Residents in Somerset Park, Retreat, are hoping to get answers from Metrorail claiming that their requests for fencing at a notorious thoroughfare have fallen on deaf ears.
For the past few months residents have been trying to get into contact with officials from the Passenger Rail Agency of South Africa (PRASA) about the thoroughfare between Chad and Station roads.
The passage was fenced up and a vibracrete wall put up before but over the years the vibracrete slabs had been vandalised and stolen.
The passage is used by people to cross between Lakeview and Somerset Park, but residents say it is used for illicit activities too.
Paul Mentor has been renting a house opposite the passage for the past six months and has had many sleepless nights since he first moved in.
“There are so many people walking up and down here and many times I have seen young- sters smoking dagga and tikking at the open space,” said Mr Mentor.
“I do come out to ask them to leave but sometimes I feel too threatened to do that. This is a danger to us because we are targets. I have three children and their safety is at risk,” he said.
Dumping is also a major problem at the site.
Lester Cameron, who has been living next to the thoroughfare for 35 years, said the situation is getting out of control.
“There are guys walking past here then they stop to smoke drugs. There are people litter- ing every other day and the space looks disgusting,” said Mr Cameron.
“The other issue is our safety. I fear for my wife and my safety because criminals could easily hide behind the unkept tree here and attack us. Our property value is definitely at risk of decreasing because of the illegal activities taking place here.
“Prasa needs to do something. They need to close up and fence up. Does something bad have to happen before they act on our pleas?”
Ward 72 councillor Kevin Southgate has also been trying to get in contact with Prasa officials to address the residents’ concerns.
“This has been going on for years now, way before I became the councillor and many residents have said that they have contacted Prasa about the issue but Prasa has been silent on the matter. The last we heard, a tender was going to be put together to deal with all their fencing issues,” said Mr Southgate.
He said their reponse didn’t answer residents’ questions: “This issue could be right at the bottom of their priority list. We need immediate action from them. Criminal elements are coming through here, scaling residents’ fencing trying to get into people’s properties. It’s compromising their safety,” he said.
He said it’s not fair that Prasa are keeping mum about the issue and not coming up with solutions.
Lakeview resident Shane Joseph said he uses the thoroughfare to get to and from work.
“I walk to work in Diep River and it’s a quick way for me to get to work instead of walking all the way around Retreat station. Not all of us using the passage have criminal intentions,” said Mr Joseph.
Mr Southgate countered and said the passage was never meant to be a thoroughfare.
“There are plenty of other routes they can take.
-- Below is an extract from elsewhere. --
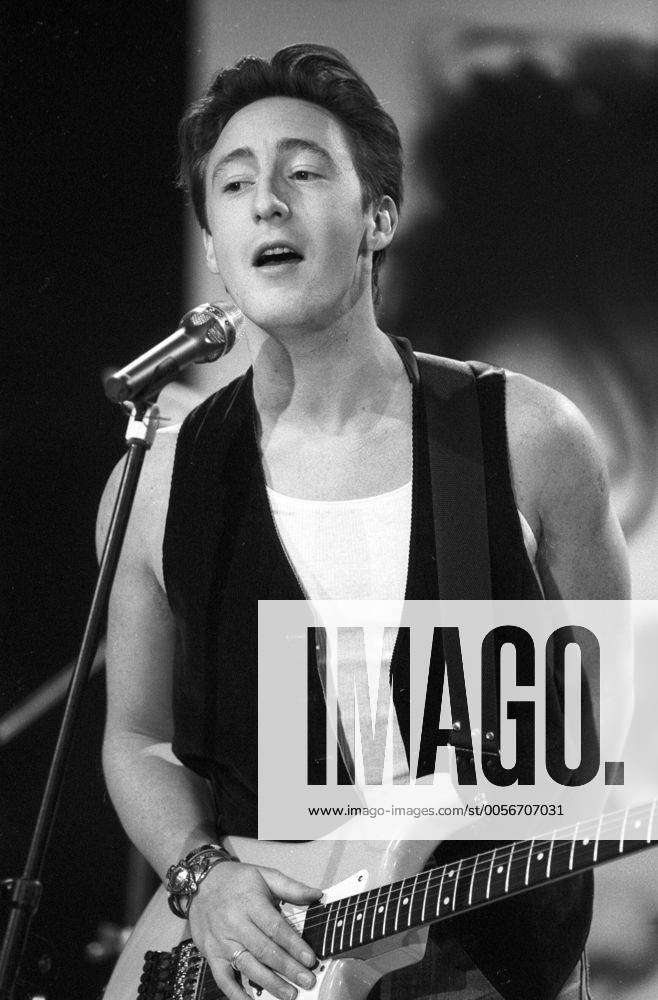 Julian Lennon (Sänger) 02 89 Julian Lennon im Februar 1989 in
It’s not going to add to their travel time,” he said.
Retreat Residents’ Association chairperson Marcell Williams hopes Prasa will heed their call.
“Things have metamorphosed over the years. Fencing was broken down after it was initially put up by Prasa. I suggest this time around they use the palisade fencing so the problem doesn’t reoccur. It can be a relatively permanent solution,” said Mr Williams.
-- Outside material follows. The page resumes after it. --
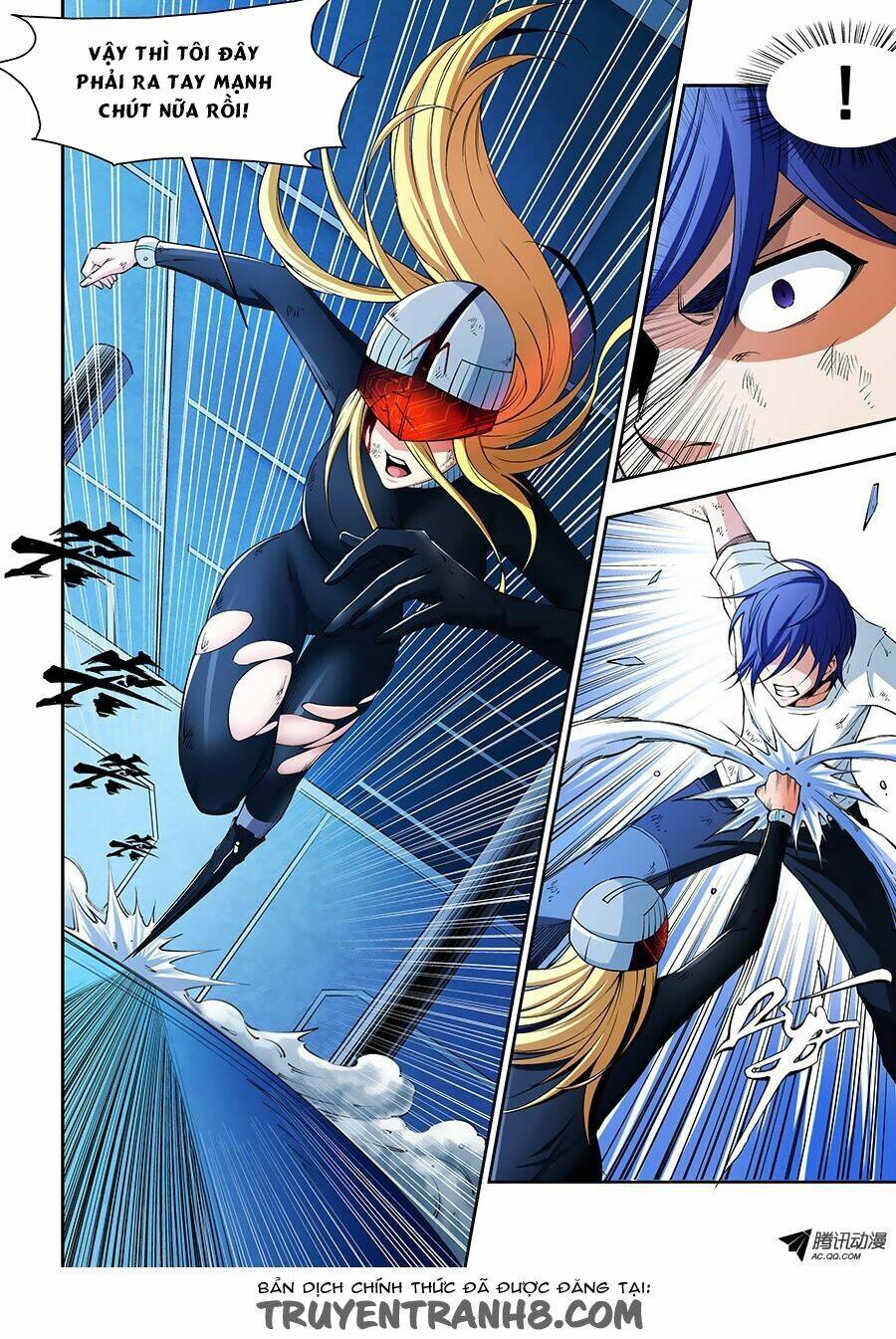 mật mã khởi nguồn của sự sống chapter 6 2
Zino Mihi, Prasa acting marketing and communication manager, said the parastatal has a risk prioritisation matrix whereby funding in different areas is allocated.
“At the moment, we are awaiting our capital budget allocation – to know how many of the risk areas will be tackled this year,” said Ms Mihi.
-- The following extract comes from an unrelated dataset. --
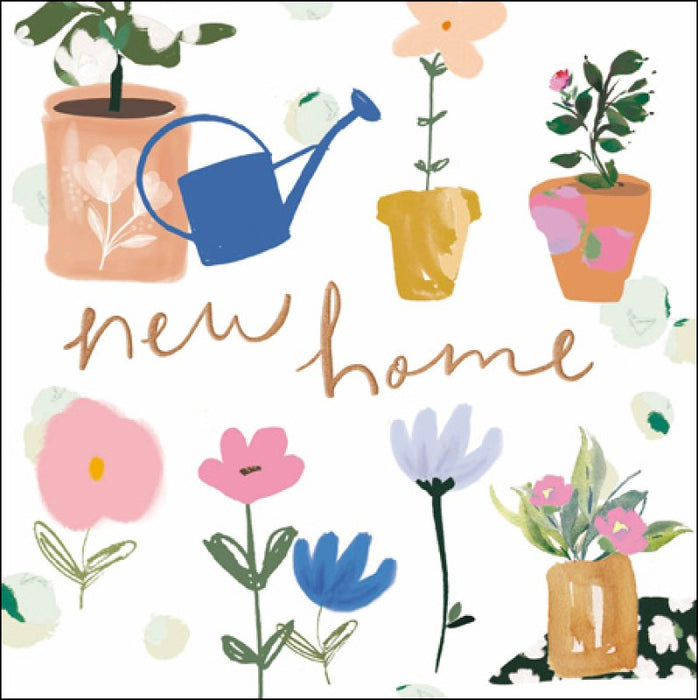 Woodmansterne 'New Home' Card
Asked how much will be allocated to resolve fencing problem, she said the tender process is being finalised and a plan will then be put in place to resolve the issue.
Responding to residents’ claims that Prasa is not concerned about the safety of the affected people, she said: “There is no truth in that – Metrorail meets with various structures in the Somerset Park area when the need arises. Metrorail has continuously been repairing fencing in the area, taking into consideration the safety aspects for not only our customers but the communities we serve as well.”
She added that Prasa does its utmost to replace or mend fencing as soon as it is damaged “Regrettably we can only do so within the confines of resources available to it.
“Fencing replacement and repairs are planned and prioritised annually in terms of urgency and necessity,” she said.